So you’re married. You have an attractive, loving, caring, smart spouse and you share the same values and standards. You both practice your Catholic Faith. You have compatible attitudes and habits. You’re both open to life, you know you will raise your children in the Faith, and you have the means to provide for a growing family. Things are going to work out fine, right? Right?
Well, that depends. Are you willing to work at your marriage every single day to express your love for one another? Couples can look perfect on paper, but if you don’t develop your marriage on a daily basis, it can just as easily fall apart. One of the biggest components of this daily struggle is the concept of communication between spouses. Even while trying to handle a profession, domestic needs, and children, you should try to communicate your needs, your desires, your worries, and your thoughts to your significant other. Without proper discussion, tension will build, and many marriages that lack communication end in divorce.
Recently on Trending with Timmerie, celebrity and royal matchmaker Cristina Pineda joined Timmerie to talk about the do’s and don’ts of intermarriage communication and the way to maintain a strong relationship, even while a million other issues and inconveniences come your way.
Cristina started by saying that while divorces and splits are an unfortunately common occurrence, it doesn’t have to be that way. “Let’s look at the big issue here, and that is spouses keeping things from each other. I call that spiritual contraception.” Keeping the lines of honesty open between people who are united for life is crucial to the integrity of that bond. Even if what you have to say is unpleasant or uncomfortable for whatever reason, the right thing to do is share it with your spouse.
Timmerie added that many times, usually husbands, feel like they can put up with things they don’t like because it’s not a big deal. Then weeks, months, years, decades will go by and by that point, there’s so much built-up angst about a pet peeve that all it takes is one poke and it all comes pouring out. Married couples should avoid bottling up emotions and playing the waiting game with themselves. Often, those issues are what breed resentment because you start having the conversation about it in your head without ever communicating your thoughts.
“Okay, so you might think, communication is important. I got it. But I don’t have time.” If you wanted to have the time, you would make the time. So do it! She recommends setting time aside once a week or once a month to talk with your spouse about issues and problems that have cropped up. What are your initial thoughts? What do you want to do about it? What should you do about it? Can anything be done about it? Those are the building blocks of an honest, loving, communicative marriage.

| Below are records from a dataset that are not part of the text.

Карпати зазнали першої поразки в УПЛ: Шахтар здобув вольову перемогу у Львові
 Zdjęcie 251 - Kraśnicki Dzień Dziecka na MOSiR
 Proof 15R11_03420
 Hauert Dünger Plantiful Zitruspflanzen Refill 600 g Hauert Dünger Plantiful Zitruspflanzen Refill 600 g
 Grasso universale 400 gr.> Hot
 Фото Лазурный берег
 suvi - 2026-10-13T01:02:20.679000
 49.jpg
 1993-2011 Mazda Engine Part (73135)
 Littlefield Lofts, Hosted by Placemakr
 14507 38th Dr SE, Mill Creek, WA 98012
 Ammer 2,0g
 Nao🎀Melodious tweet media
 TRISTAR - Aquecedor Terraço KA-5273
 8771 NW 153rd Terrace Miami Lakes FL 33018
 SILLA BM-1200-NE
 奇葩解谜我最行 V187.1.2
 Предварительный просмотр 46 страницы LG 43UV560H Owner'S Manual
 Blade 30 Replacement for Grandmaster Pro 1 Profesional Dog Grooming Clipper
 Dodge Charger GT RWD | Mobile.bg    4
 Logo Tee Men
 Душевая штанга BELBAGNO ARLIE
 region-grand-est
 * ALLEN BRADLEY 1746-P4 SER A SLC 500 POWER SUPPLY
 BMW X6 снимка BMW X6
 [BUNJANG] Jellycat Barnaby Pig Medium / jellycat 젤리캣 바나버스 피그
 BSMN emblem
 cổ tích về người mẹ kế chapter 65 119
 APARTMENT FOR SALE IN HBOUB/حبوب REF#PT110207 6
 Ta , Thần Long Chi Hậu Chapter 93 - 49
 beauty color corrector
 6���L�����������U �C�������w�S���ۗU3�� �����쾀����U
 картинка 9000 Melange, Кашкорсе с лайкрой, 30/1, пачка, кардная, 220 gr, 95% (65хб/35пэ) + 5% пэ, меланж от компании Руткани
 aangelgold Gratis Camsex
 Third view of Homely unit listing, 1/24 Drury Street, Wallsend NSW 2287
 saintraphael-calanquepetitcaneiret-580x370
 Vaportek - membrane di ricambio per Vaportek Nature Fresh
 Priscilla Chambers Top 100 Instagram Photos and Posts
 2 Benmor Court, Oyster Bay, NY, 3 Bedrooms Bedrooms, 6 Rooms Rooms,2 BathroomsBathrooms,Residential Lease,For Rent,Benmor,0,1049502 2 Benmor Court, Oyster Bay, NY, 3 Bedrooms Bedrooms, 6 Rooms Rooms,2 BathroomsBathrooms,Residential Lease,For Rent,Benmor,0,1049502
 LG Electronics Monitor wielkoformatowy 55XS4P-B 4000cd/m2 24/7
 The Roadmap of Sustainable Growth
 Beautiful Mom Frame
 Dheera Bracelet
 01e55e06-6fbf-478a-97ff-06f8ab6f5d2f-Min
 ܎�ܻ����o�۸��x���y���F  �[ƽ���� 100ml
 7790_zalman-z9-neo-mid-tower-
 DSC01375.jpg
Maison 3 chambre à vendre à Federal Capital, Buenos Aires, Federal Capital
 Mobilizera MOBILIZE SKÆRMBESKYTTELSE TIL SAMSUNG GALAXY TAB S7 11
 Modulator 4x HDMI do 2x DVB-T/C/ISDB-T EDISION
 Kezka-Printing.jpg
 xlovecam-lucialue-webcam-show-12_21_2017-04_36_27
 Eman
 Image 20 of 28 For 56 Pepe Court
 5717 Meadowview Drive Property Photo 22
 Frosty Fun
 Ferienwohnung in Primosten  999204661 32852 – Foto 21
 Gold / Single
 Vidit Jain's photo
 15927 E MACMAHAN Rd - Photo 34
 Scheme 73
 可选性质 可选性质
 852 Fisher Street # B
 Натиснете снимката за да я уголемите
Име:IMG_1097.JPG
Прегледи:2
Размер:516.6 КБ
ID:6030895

Cristina also offered some guidelines for having these important conversations about issues. Firstly, do not have them every night. Have conversations, yes, but do not let the negative issues be the topic every night, or else open communication will begin to have the opposite effect. It will seem like nothing is going right. Secondly, set them up so that you are in a private setting so you can both be open. The idea is similar to the concept of a fraternal correction. It shouldn’t feel like a courtroom with witnesses and a jury. There are no sides. You’re on the same side; the same team.
And thirdly, don’t talk about marital issues while driving, distracted, multitasking, or in front of your kids. These issues are important, private, and serious. Since they are important, give them your full attention. Since they’re private, don’t let other people be privy to your personal issues. And since they’re serious, don’t let your children be a part of them. They can become lively discussions and that can often be perceived as arguing or fighting to kids.
“I know how busy we all are and sometimes that feels like the only time you can communicate something. But something I learned from a priest is: You married this man, or you married this woman. Don’t you want to give them that time to be able to speak with you? Isn’t that one of the most important things that you can give that person? To have time, rather than get angry and have to say things really quickly?”